# WHAT THE EXERCISE ASKS:
Would you transcribe all of the entries that follow, word for word?

Segment Open

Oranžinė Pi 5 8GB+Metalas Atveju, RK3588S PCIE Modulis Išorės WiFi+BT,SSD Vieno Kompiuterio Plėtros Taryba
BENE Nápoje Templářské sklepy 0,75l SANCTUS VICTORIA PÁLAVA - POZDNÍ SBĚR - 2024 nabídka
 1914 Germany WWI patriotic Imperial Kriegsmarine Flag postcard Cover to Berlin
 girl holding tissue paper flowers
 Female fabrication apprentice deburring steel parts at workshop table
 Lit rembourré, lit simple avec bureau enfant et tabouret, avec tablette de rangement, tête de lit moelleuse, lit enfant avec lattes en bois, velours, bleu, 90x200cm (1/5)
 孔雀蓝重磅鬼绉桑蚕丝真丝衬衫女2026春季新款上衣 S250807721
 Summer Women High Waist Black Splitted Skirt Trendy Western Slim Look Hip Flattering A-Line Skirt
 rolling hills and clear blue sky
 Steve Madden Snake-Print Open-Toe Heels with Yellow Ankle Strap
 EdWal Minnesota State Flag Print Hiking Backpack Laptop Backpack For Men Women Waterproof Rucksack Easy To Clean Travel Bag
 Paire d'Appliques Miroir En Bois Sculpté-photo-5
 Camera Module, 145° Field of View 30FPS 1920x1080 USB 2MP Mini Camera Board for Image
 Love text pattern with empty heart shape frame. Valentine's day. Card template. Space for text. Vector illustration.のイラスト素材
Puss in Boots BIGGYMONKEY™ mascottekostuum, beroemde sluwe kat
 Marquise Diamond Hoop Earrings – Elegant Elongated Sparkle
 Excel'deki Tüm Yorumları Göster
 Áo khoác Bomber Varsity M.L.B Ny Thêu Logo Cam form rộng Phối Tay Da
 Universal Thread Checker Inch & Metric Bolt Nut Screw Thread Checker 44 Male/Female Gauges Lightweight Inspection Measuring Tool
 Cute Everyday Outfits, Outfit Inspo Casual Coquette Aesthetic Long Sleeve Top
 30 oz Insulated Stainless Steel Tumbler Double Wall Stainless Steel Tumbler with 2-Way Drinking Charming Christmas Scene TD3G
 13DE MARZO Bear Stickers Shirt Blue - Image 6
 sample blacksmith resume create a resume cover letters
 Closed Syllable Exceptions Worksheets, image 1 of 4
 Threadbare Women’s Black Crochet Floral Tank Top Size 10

Segment Closed

# SOLUTION:
Oranžinė Pi 5 8GB+Metalas Atveju, RK3588S PCIE Modulis Išorės WiFi+BT,SSD Vieno Kompiuterio Plėtros Taryba
BENE Nápoje Templářské sklepy 0,75l SANCTUS VICTORIA PÁLAVA - POZDNÍ SBĚR - 2024 nabídka
 1914 Germany WWI patriotic Imperial Kriegsmarine Flag postcard Cover to Berlin
 girl holding tissue paper flowers
 Female fabrication apprentice deburring steel parts at workshop table
 Lit rembourré, lit simple avec bureau enfant et tabouret, avec tablette de rangement, tête de lit moelleuse, lit enfant avec lattes en bois, velours, bleu, 90x200cm (1/5)
 孔雀蓝重磅鬼绉桑蚕丝真丝衬衫女2026春季新款上衣 S250807721
 Summer Women High Waist Black Splitted Skirt Trendy Western Slim Look Hip Flattering A-Line Skirt
 rolling hills and clear blue sky
 Steve Madden Snake-Print Open-Toe Heels with Yellow Ankle Strap
 EdWal Minnesota State Flag Print Hiking Backpack Laptop Backpack For Men Women Waterproof Rucksack Easy To Clean Travel Bag
 Paire d'Appliques Miroir En Bois Sculpté-photo-5
 Camera Module, 145° Field of View 30FPS 1920x1080 USB 2MP Mini Camera Board for Image
 Love text pattern with empty heart shape frame. Valentine's day. Card template. Space for text. Vector illustration.のイラスト素材
Puss in Boots BIGGYMONKEY™ mascottekostuum, beroemde sluwe kat
 Marquise Diamond Hoop Earrings – Elegant Elongated Sparkle
 Excel'deki Tüm Yorumları Göster
 Áo khoác Bomber Varsity M.L.B Ny Thêu Logo Cam form rộng Phối Tay Da
 Universal Thread Checker Inch & Metric Bolt Nut Screw Thread Checker 44 Male/Female Gauges Lightweight Inspection Measuring Tool
 Cute Everyday Outfits, Outfit Inspo Casual Coquette Aesthetic Long Sleeve Top
 30 oz Insulated Stainless Steel Tumbler Double Wall Stainless Steel Tumbler with 2-Way Drinking Charming Christmas Scene TD3G
 13DE MARZO Bear Stickers Shirt Blue - Image 6
 sample blacksmith resume create a resume cover letters
 Closed Syllable Exceptions Worksheets, image 1 of 4
 Threadbare Women’s Black Crochet Floral Tank Top Size 10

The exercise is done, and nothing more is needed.